───── Available data ─────

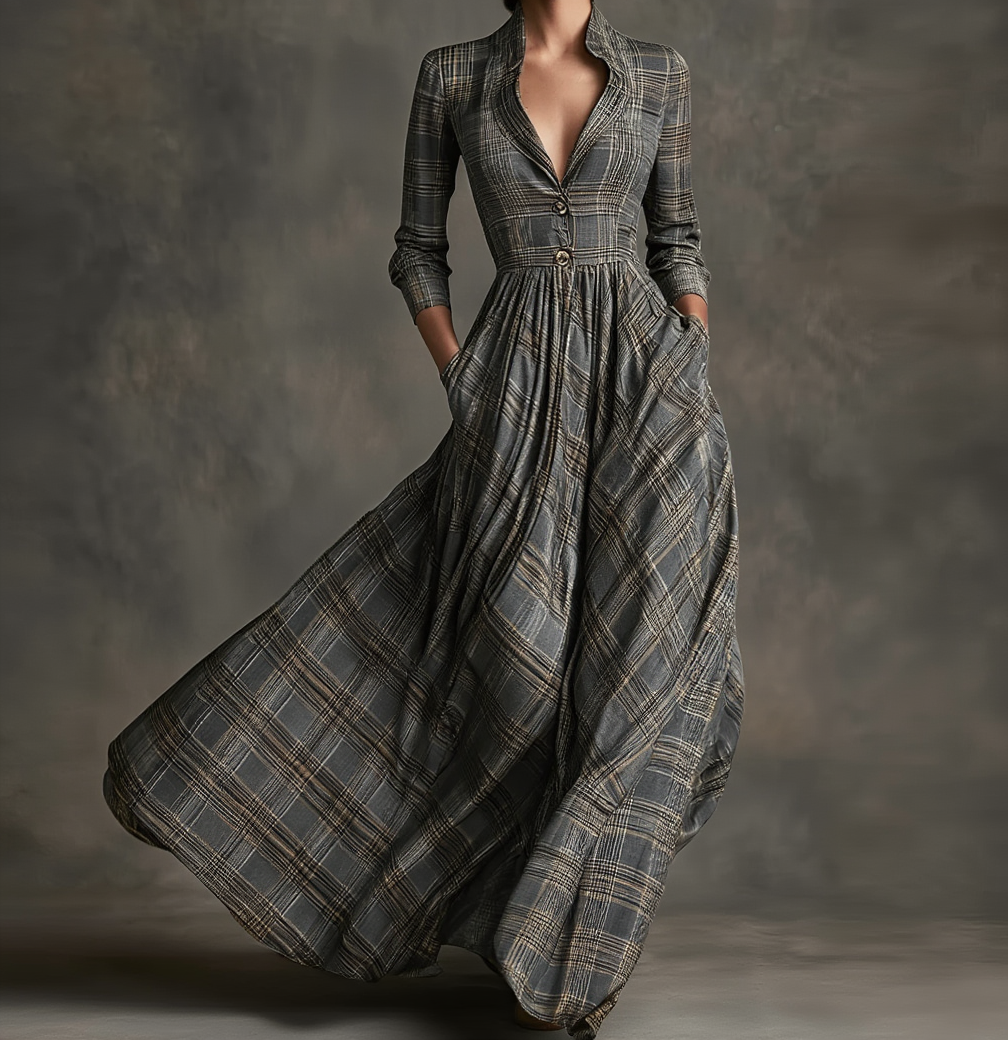 Imogen | Plaid Flowing Maxi Dress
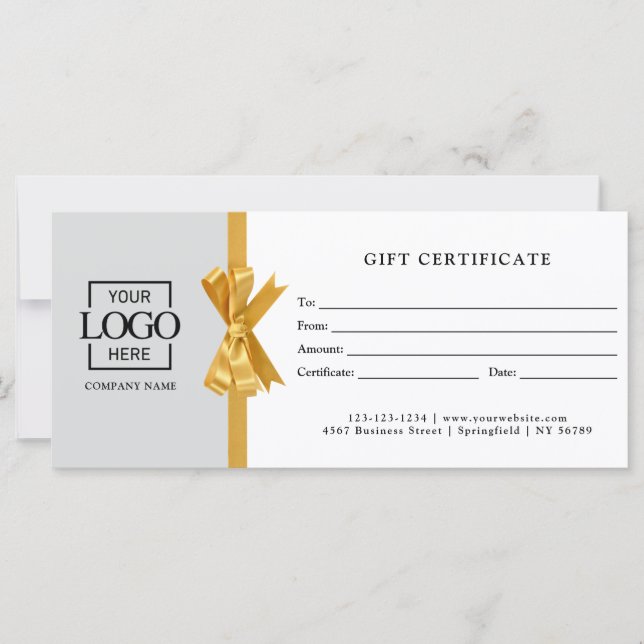 Elegant Custom Gray Business Gift Certificate (Front)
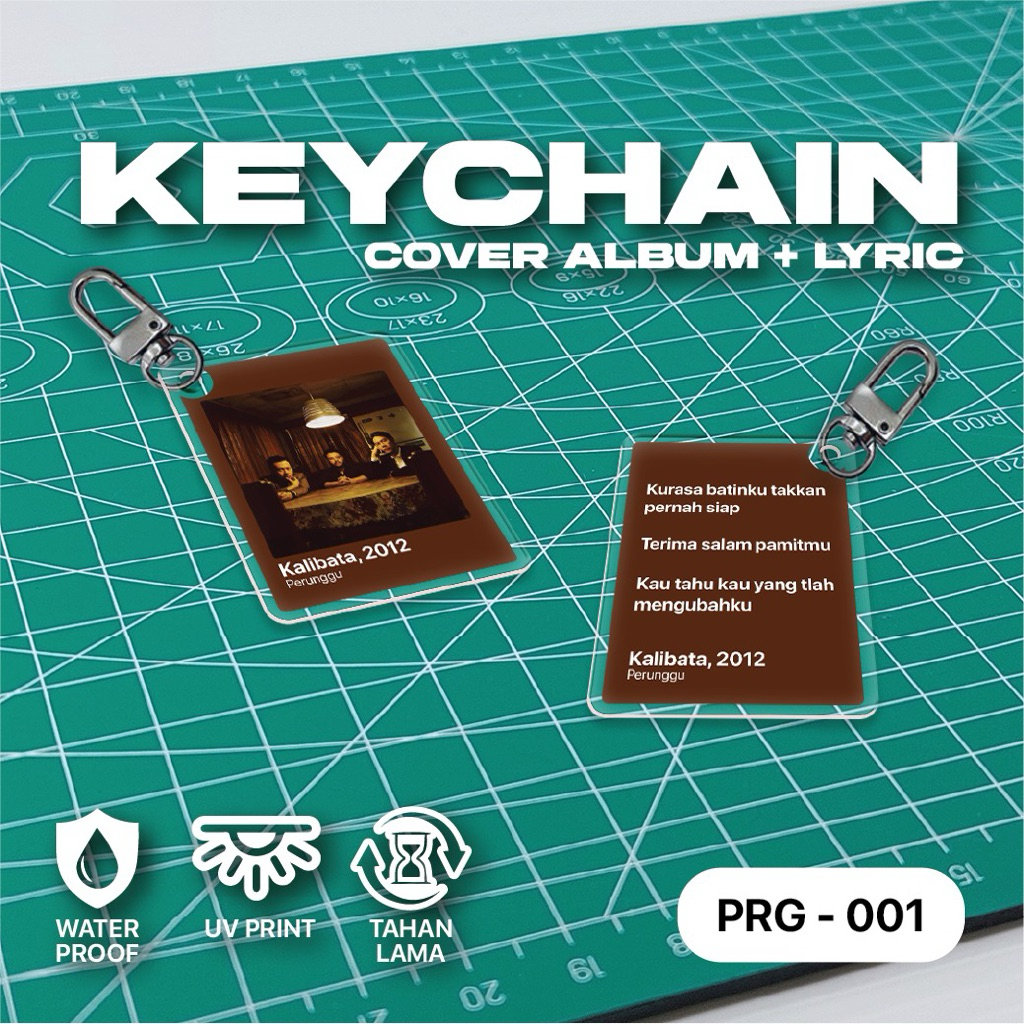 KEYCHAIN ALBUM COVER / LIRIK LAGU / GANTUNGAN KALCER BAND INDIE / KEYCHAIN PERUNGGU / CUSTOM KEYCHAI
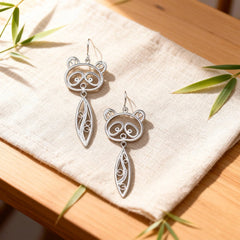Chinese Intangible Cultural Heritage Silver Filigree Panda Dangle Earrings - YHS-ICH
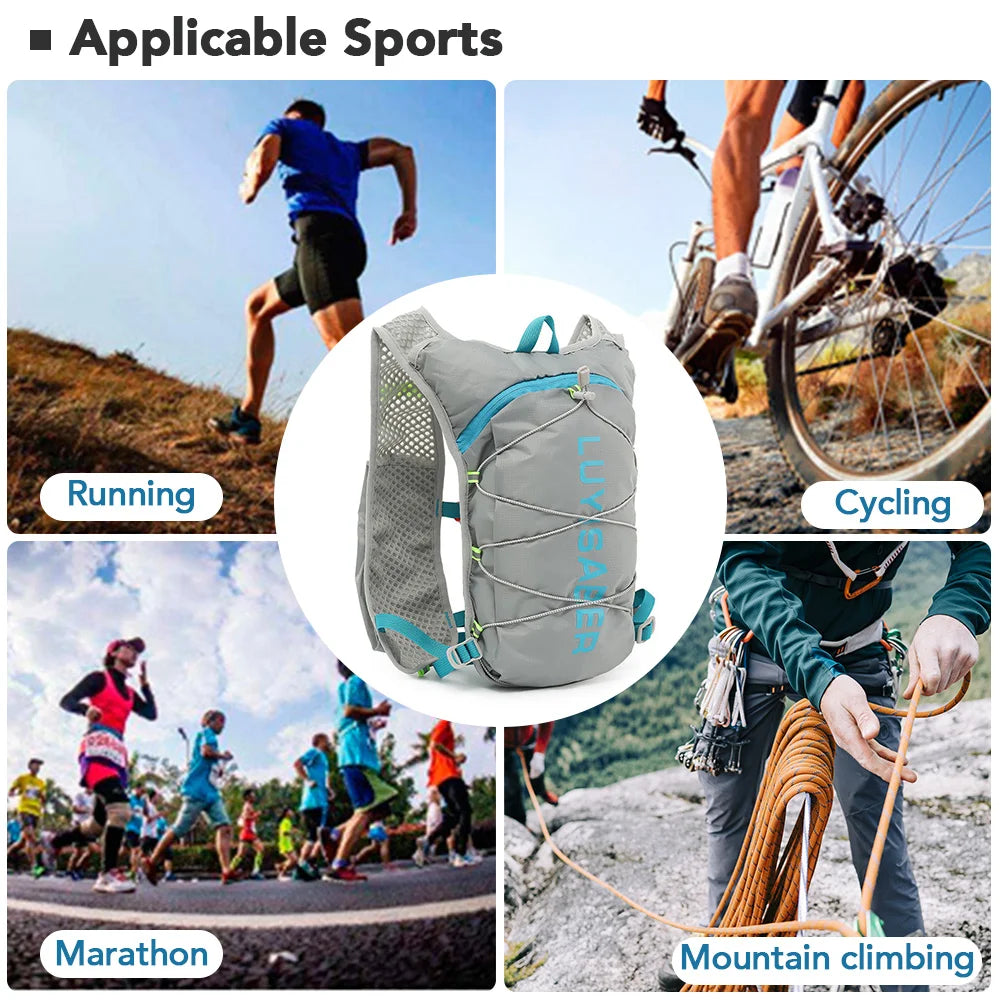 A gray ultra-light backpack shown in various outdoor sports contexts including running, cycling, marathon, and mountain climb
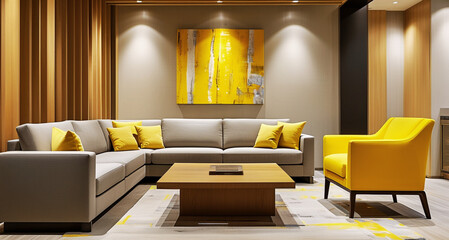 Modern living room with yellow accents, grey sectional sofa, abstract art, and warm lighting
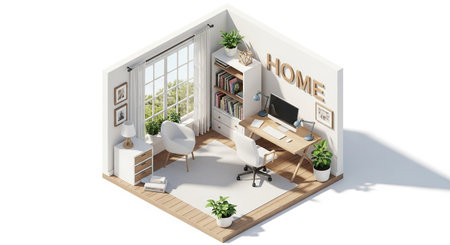 This isometric depiction showcases a cozy home office bathed in natural light from a large window. The setup includes a wooden desk with a computer, a comfortable chair, and a bookshelf. A prominent wooden "HOME" sign adorns the wall. Potted plants add a touch of green, and a soft rug lies on the wooden floor. The overall aesthetic is clean, organized, and inviting for remote work or study.の素材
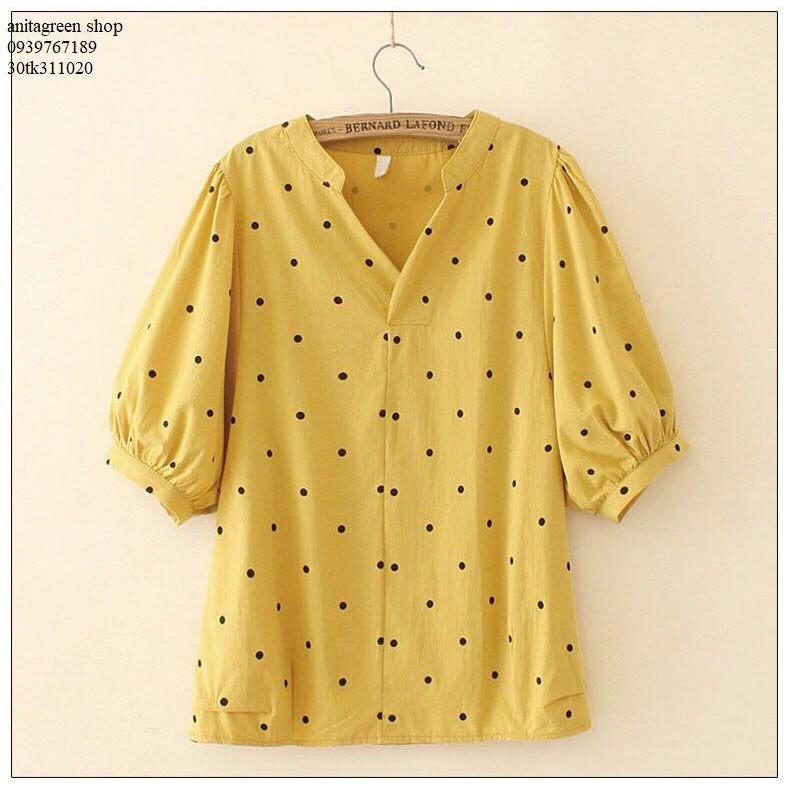Tk311020-áo kiểu nữ chấm bi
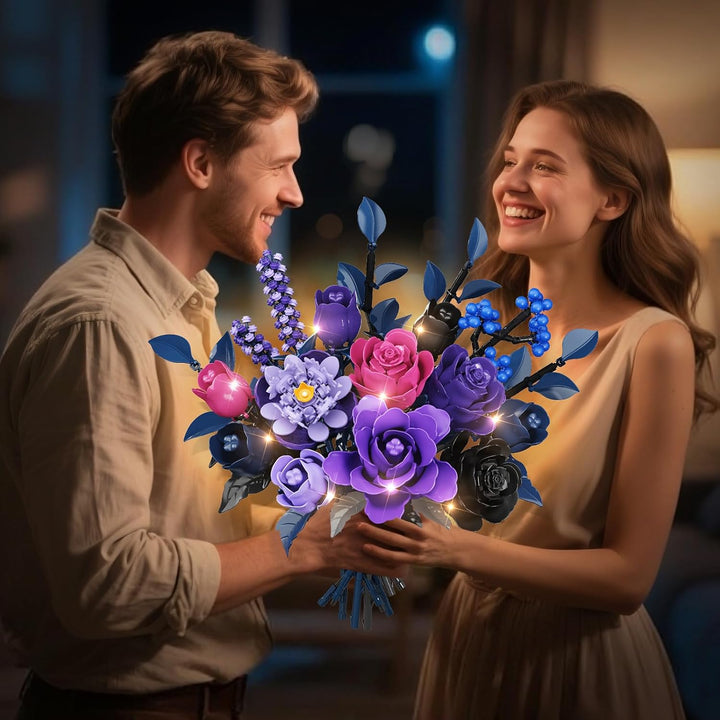 Blumen Bauset - 17 Blume Blumenstrauss Bausteine mit LED, 887 Teile Kunstblumen Bausatz Spielzeug, L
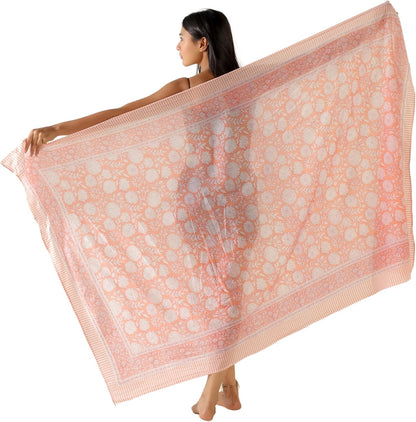 100% Cotton Sarong Cover Up for Women Indian Block Print Beach Wrap Skirt Long Boho Swimsuit Bikini Pareo (73” x 43”)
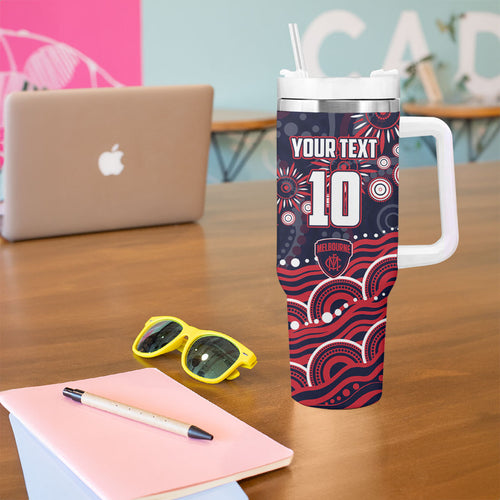 Personalized Melbourne Demons Mascot Tumbler With Handle Aboriginal Dot Art - Dreamtime Football Mascot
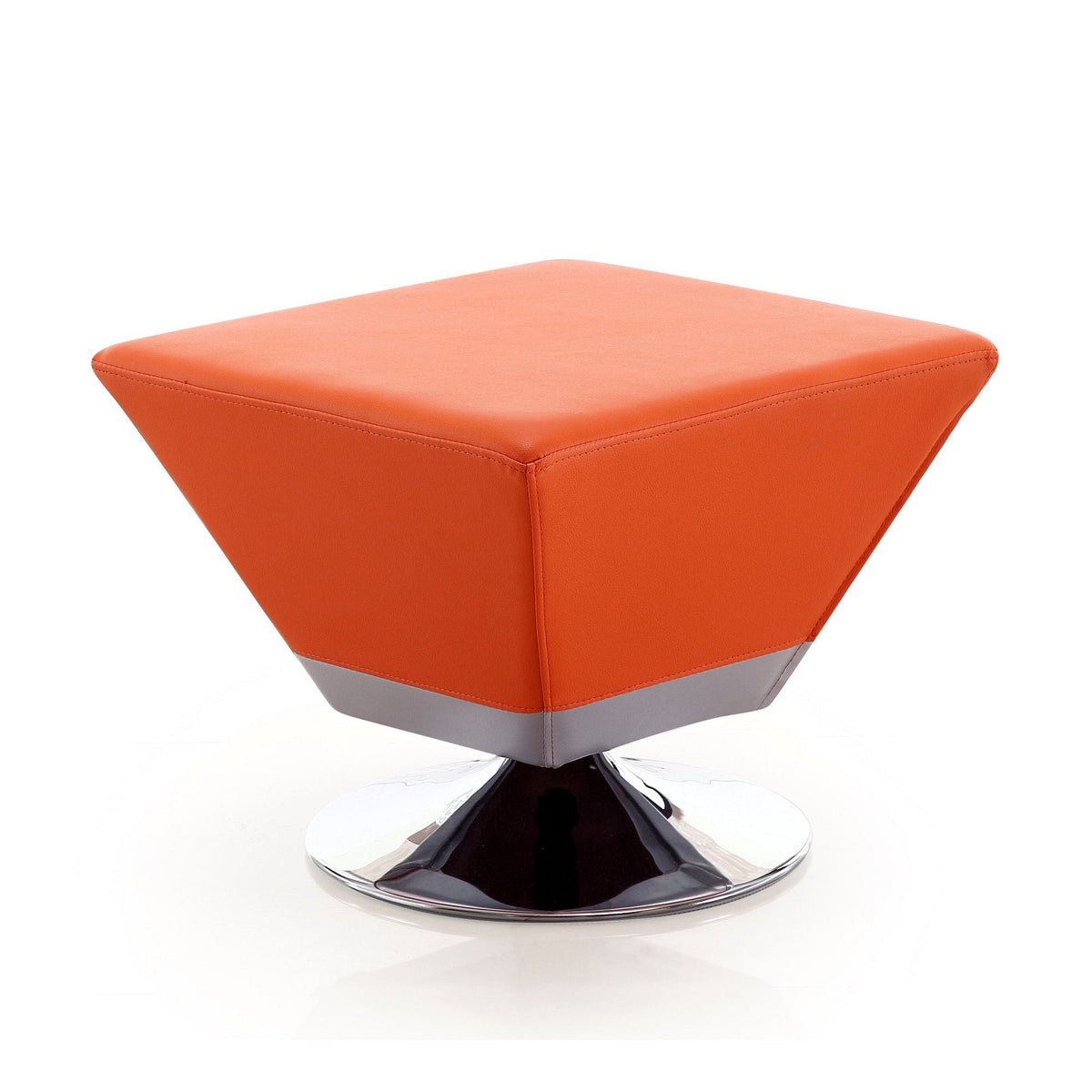 Diamond Accent Ottoman orange faux leather rectangle accent ottoman by HouseOfZazla on Tampa Home & Garden Store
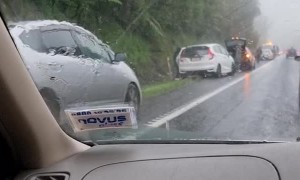 Big Pothole Flattens a Ton of Car Tires on State Highway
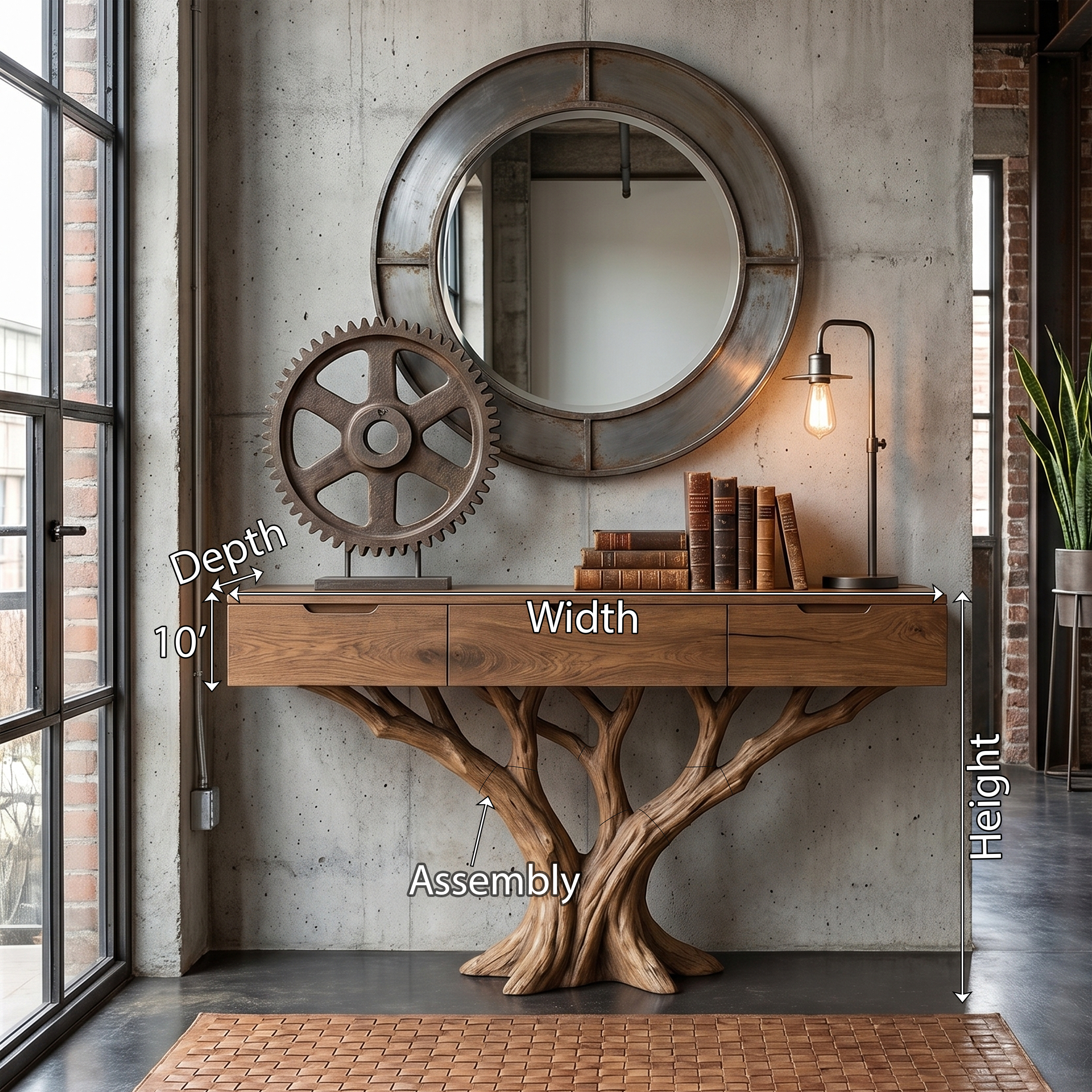 Industrial Tree Root Console Table Modern Loft SILDTTRCS090
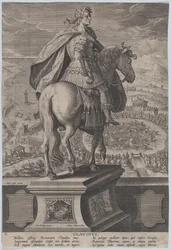 Plate 5: rytterstatue av Claudius, sett bakfra, en marinekonkurranse ved ri..., ca. 1587-89.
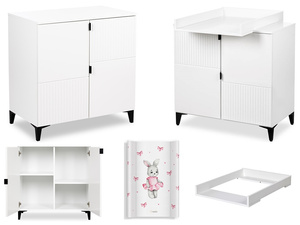 Komoda Mini z Półkami z Przewijakiem Nakładka na Komodę Biała MIA + Mata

─────

What to do: The required result is the entries above, printed exactly from the first line through the line with "Blumen Bauset - 17", pictures excluded.

Solved exercise:
 Imogen | Plaid Flowing Maxi Dress
 Elegant Custom Gray Business Gift Certificate (Front)
 KEYCHAIN ALBUM COVER / LIRIK LAGU / GANTUNGAN KALCER BAND INDIE / KEYCHAIN PERUNGGU / CUSTOM KEYCHAI
Chinese Intangible Cultural Heritage Silver Filigree Panda Dangle Earrings - YHS-ICH
 A gray ultra-light backpack shown in various outdoor sports contexts including running, cycling, marathon, and mountain climb
 Modern living room with yellow accents, grey sectional sofa, abstract art, and warm lighting
 This isometric depiction showcases a cozy home office bathed in natural light from a large window. The setup includes a wooden desk with a computer, a comfortable chair, and a bookshelf. A prominent wooden "HOME" sign adorns the wall. Potted plants add a touch of green, and a soft rug lies on the wooden floor. The overall aesthetic is clean, organized, and inviting for remote work or study.の素材
Tk311020-áo kiểu nữ chấm bi
 Blumen Bauset - 17 Blume Blumenstrauss Bausteine mit LED, 887 Teile Kunstblumen Bausatz Spielzeug, L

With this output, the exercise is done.